Tandem queues are widely used in design, capacity planning and performance evaluation of computer and communication systems, call centers, flexible manufacturing systems, etc. Some examples of their application in real systems (two transmitter communication networks with DBA (Dynamic Bandwidth Allocation), service facility with front and back room operations) can be found in [24], [1] respectively.

The theory behind tandem queues is well developed, see, e.g. [3–5, 11, 22, 23]. However, there is still a great interest around more complicated setups involving blocking and deadlocking phenomena as well as different mechanisms for offering services. In particular, the two-node tandem queuing model with the BMAP (Batch Markovian Arrival Process) input flow and non-exponential service time distribution described in the paper [8]. Additionally, systems with finite capacity queues under various blocking mechanisms and scheduling constraints are analyzed by the author in [12–21].
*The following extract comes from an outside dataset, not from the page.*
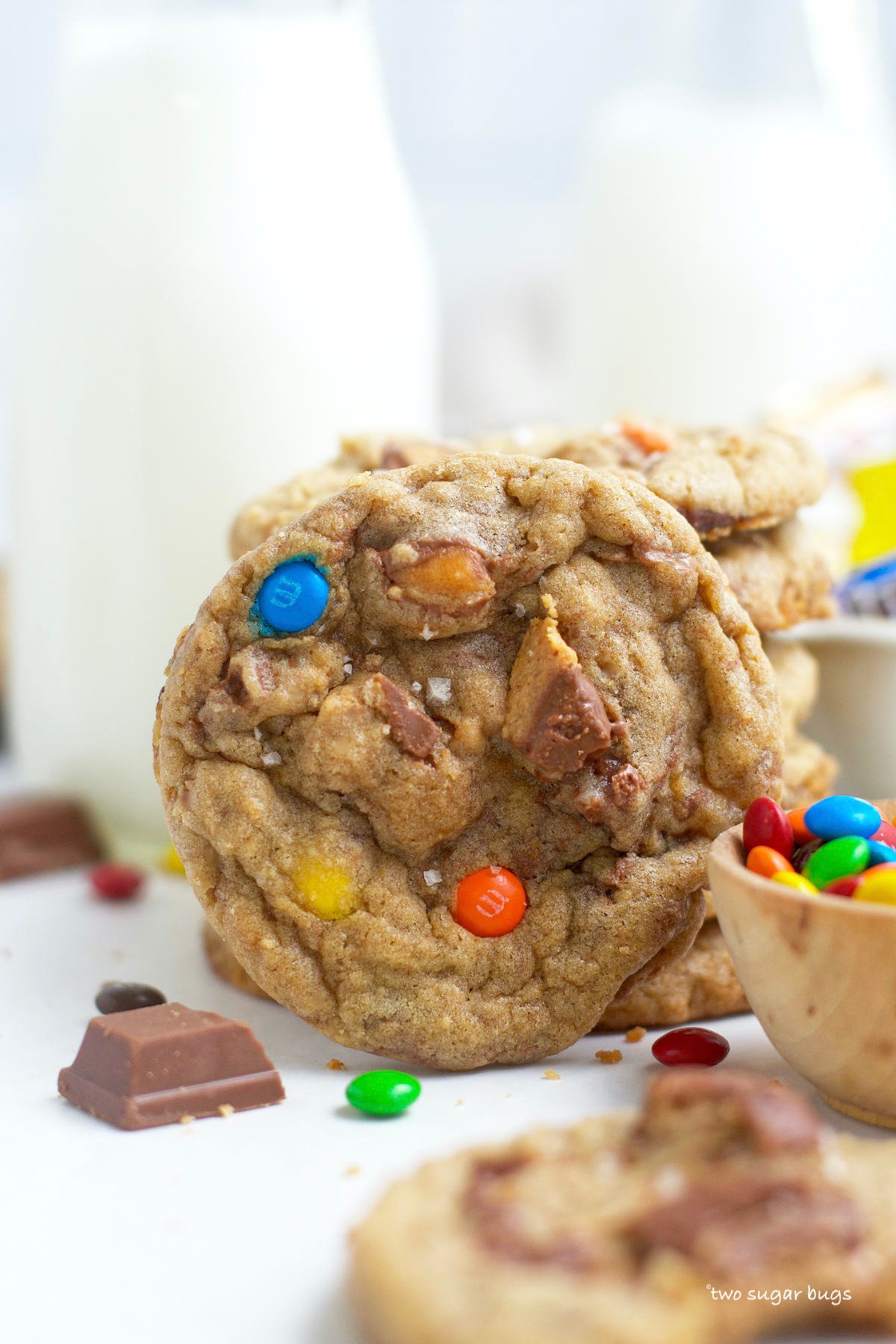 candy bar cookie with glasses of milk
In [12, 13], the closed type, multi-center computer networks with different blocking strategies are investigated and measures of effectiveness based on Quality of Service (QoS) are studied. Markovian and semi-Markovian approaches for analysis of open tandem networks with blocking are presented in [14, 16, 18, 20, 21]. Some two-stage tandem queues with blocking and an optional feedback are presented in [17, 19]. In such systems, feedback is the likelihood of a task return, with fixed probability to the first node of the tandem immediately after the service at the second one. Tandems with feedback are usually more complex than the ones without and they are mostly investigated given stationary Poisson arrival process and exponential service time distribution. Blocking and deadlocking phenomena in an open series, linked network model with HOL (head-of-line) priority feedback service was investigated and presented by the author in [15].

The rest of this paper is organized as follows: Sect. 2 presents and explains the analytical model. Section 3, analyzes a tandem network with blocking, feedback service and deadlock phenomena. Procedures for calculating performance measures and Quality of Service (QoS) parameters are presented in Sect. 4. Numerical results obtained using our solution technique is given in Sect. 5. Finally, Sect. 6 concludes the paper.
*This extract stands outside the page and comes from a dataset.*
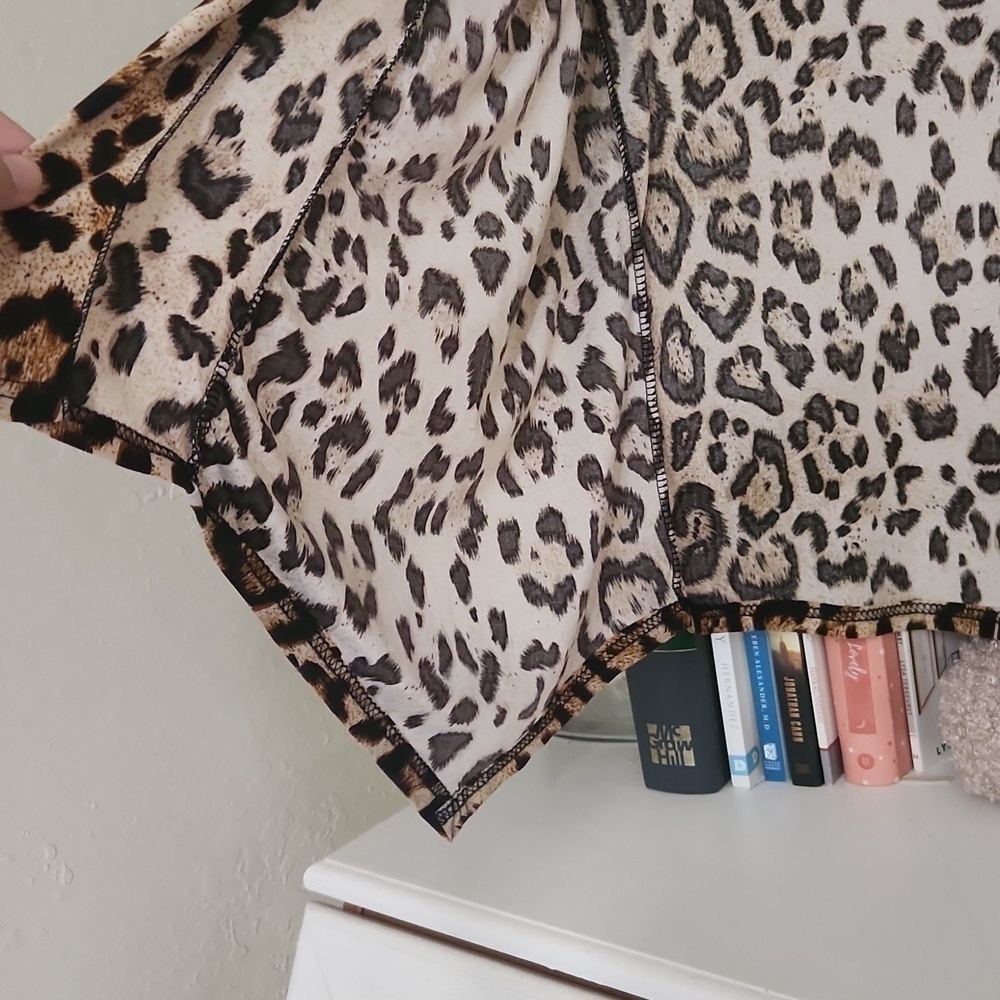 2for$10 Boutique Cheetah Print Cardigan Size Small Career office Casual - Picture 6 of 10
2 Model Specification and Description

The general model outline:

• The arrival process from source station is Poisson.

• Each station consists of a single server and buffer.

• Two stations provide service that is exponentially distributed.

• The deadlock resolving rate μ^d is also exponentially distributed.

• Scheduling disciplines are FCFS.

• All buffers have finite capacity m1 and m2.

Figure 1 presents a simplified two-server tandem setup of the proposed model. Tasks arrive from the source at station A according to the Poisson process with rate λ and they are processed in a FIFO manner. The service received by station A is as follows: the task first accepts an exponentially distributed service with rate μ^A, after service completion at station A, the task proceeds to station B (exponentially distributed service with rate μ^B), once it finishes at station B, it gets sent back to station A for re-processing with probability 1 − σ. We are also assuming that tasks, after being processed in the station B, may leave the network with probability σ.

Fig. 1.

Two-server tandem configuration with feedback.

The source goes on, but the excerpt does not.